*** Opening of Data extracts ***
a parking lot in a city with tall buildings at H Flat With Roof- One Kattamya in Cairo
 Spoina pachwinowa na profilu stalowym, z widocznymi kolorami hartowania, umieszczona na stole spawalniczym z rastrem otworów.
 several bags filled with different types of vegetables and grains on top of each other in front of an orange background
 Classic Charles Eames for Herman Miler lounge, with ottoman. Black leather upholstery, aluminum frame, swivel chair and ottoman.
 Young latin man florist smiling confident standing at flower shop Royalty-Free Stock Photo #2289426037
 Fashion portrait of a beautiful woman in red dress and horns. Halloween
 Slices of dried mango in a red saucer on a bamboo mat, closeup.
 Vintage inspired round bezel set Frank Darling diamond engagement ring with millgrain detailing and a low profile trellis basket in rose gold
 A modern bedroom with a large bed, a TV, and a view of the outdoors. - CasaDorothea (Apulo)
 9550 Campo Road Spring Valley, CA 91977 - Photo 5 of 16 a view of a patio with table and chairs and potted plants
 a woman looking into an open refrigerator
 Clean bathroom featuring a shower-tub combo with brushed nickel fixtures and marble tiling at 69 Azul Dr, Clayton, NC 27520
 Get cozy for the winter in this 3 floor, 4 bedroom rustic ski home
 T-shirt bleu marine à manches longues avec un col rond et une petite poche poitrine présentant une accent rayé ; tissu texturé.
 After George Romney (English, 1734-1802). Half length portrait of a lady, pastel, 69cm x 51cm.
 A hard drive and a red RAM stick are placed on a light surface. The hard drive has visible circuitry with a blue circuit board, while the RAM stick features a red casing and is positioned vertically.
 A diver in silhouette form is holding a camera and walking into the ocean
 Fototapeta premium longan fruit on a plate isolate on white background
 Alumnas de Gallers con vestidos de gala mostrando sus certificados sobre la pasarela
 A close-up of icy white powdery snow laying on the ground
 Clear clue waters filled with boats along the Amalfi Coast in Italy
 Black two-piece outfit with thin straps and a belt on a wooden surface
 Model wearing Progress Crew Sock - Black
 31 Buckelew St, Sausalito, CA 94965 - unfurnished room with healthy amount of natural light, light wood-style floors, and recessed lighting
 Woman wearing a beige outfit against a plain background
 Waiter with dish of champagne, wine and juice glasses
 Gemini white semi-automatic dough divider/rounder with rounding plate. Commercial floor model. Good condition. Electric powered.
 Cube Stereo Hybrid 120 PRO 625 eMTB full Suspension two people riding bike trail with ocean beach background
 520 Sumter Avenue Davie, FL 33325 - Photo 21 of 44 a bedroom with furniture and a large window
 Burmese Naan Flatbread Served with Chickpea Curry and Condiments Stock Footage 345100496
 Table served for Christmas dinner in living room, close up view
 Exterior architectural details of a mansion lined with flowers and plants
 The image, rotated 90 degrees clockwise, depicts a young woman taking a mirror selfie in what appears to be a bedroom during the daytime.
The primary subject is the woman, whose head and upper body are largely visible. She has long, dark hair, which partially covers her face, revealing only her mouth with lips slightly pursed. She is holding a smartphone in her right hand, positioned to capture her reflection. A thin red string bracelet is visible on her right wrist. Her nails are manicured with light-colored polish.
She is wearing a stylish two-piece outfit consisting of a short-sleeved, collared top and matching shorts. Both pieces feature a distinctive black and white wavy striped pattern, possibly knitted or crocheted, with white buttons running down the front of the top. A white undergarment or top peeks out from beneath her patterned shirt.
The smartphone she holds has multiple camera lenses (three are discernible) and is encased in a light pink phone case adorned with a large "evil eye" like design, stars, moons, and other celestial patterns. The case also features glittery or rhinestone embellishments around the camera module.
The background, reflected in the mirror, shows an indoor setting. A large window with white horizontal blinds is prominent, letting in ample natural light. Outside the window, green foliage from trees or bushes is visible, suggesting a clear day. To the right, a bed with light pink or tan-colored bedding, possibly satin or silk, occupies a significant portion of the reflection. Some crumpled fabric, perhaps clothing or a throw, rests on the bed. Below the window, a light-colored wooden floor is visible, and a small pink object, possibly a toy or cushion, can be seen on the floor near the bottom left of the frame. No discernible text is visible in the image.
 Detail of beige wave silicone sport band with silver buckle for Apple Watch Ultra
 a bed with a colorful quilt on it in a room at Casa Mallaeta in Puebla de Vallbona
*** Close of Data extracts ***
● **Task goal**:
All of the material must be written out again exactly.

● **Reply to the exercise**:
a parking lot in a city with tall buildings at H Flat With Roof- One Kattamya in Cairo
 Spoina pachwinowa na profilu stalowym, z widocznymi kolorami hartowania, umieszczona na stole spawalniczym z rastrem otworów.
 several bags filled with different types of vegetables and grains on top of each other in front of an orange background
 Classic Charles Eames for Herman Miler lounge, with ottoman. Black leather upholstery, aluminum frame, swivel chair and ottoman.
 Young latin man florist smiling confident standing at flower shop Royalty-Free Stock Photo #2289426037
 Fashion portrait of a beautiful woman in red dress and horns. Halloween
 Slices of dried mango in a red saucer on a bamboo mat, closeup.
 Vintage inspired round bezel set Frank Darling diamond engagement ring with millgrain detailing and a low profile trellis basket in rose gold
 A modern bedroom with a large bed, a TV, and a view of the outdoors. - CasaDorothea (Apulo)
 9550 Campo Road Spring Valley, CA 91977 - Photo 5 of 16 a view of a patio with table and chairs and potted plants
 a woman looking into an open refrigerator
 Clean bathroom featuring a shower-tub combo with brushed nickel fixtures and marble tiling at 69 Azul Dr, Clayton, NC 27520
 Get cozy for the winter in this 3 floor, 4 bedroom rustic ski home
 T-shirt bleu marine à manches longues avec un col rond et une petite poche poitrine présentant une accent rayé ; tissu texturé.
 After George Romney (English, 1734-1802). Half length portrait of a lady, pastel, 69cm x 51cm.
 A hard drive and a red RAM stick are placed on a light surface. The hard drive has visible circuitry with a blue circuit board, while the RAM stick features a red casing and is positioned vertically.
 A diver in silhouette form is holding a camera and walking into the ocean
 Fototapeta premium longan fruit on a plate isolate on white background
 Alumnas de Gallers con vestidos de gala mostrando sus certificados sobre la pasarela
 A close-up of icy white powdery snow laying on the ground
 Clear clue waters filled with boats along the Amalfi Coast in Italy
 Black two-piece outfit with thin straps and a belt on a wooden surface
 Model wearing Progress Crew Sock - Black
 31 Buckelew St, Sausalito, CA 94965 - unfurnished room with healthy amount of natural light, light wood-style floors, and recessed lighting
 Woman wearing a beige outfit against a plain background
 Waiter with dish of champagne, wine and juice glasses
 Gemini white semi-automatic dough divider/rounder with rounding plate. Commercial floor model. Good condition. Electric powered.
 Cube Stereo Hybrid 120 PRO 625 eMTB full Suspension two people riding bike trail with ocean beach background
 520 Sumter Avenue Davie, FL 33325 - Photo 21 of 44 a bedroom with furniture and a large window
 Burmese Naan Flatbread Served with Chickpea Curry and Condiments Stock Footage 345100496
 Table served for Christmas dinner in living room, close up view
 Exterior architectural details of a mansion lined with flowers and plants
 The image, rotated 90 degrees clockwise, depicts a young woman taking a mirror selfie in what appears to be a bedroom during the daytime.
The primary subject is the woman, whose head and upper body are largely visible. She has long, dark hair, which partially covers her face, revealing only her mouth with lips slightly pursed. She is holding a smartphone in her right hand, positioned to capture her reflection. A thin red string bracelet is visible on her right wrist. Her nails are manicured with light-colored polish.
She is wearing a stylish two-piece outfit consisting of a short-sleeved, collared top and matching shorts. Both pieces feature a distinctive black and white wavy striped pattern, possibly knitted or crocheted, with white buttons running down the front of the top. A white undergarment or top peeks out from beneath her patterned shirt.
The smartphone she holds has multiple camera lenses (three are discernible) and is encased in a light pink phone case adorned with a large "evil eye" like design, stars, moons, and other celestial patterns. The case also features glittery or rhinestone embellishments around the camera module.
The background, reflected in the mirror, shows an indoor setting. A large window with white horizontal blinds is prominent, letting in ample natural light. Outside the window, green foliage from trees or bushes is visible, suggesting a clear day. To the right, a bed with light pink or tan-colored bedding, possibly satin or silk, occupies a significant portion of the reflection. Some crumpled fabric, perhaps clothing or a throw, rests on the bed. Below the window, a light-colored wooden floor is visible, and a small pink object, possibly a toy or cushion, can be seen on the floor near the bottom left of the frame. No discernible text is visible in the image.
 Detail of beige wave silicone sport band with silver buckle for Apple Watch Ultra
 a bed with a colorful quilt on it in a room at Casa Mallaeta in Puebla de Vallbona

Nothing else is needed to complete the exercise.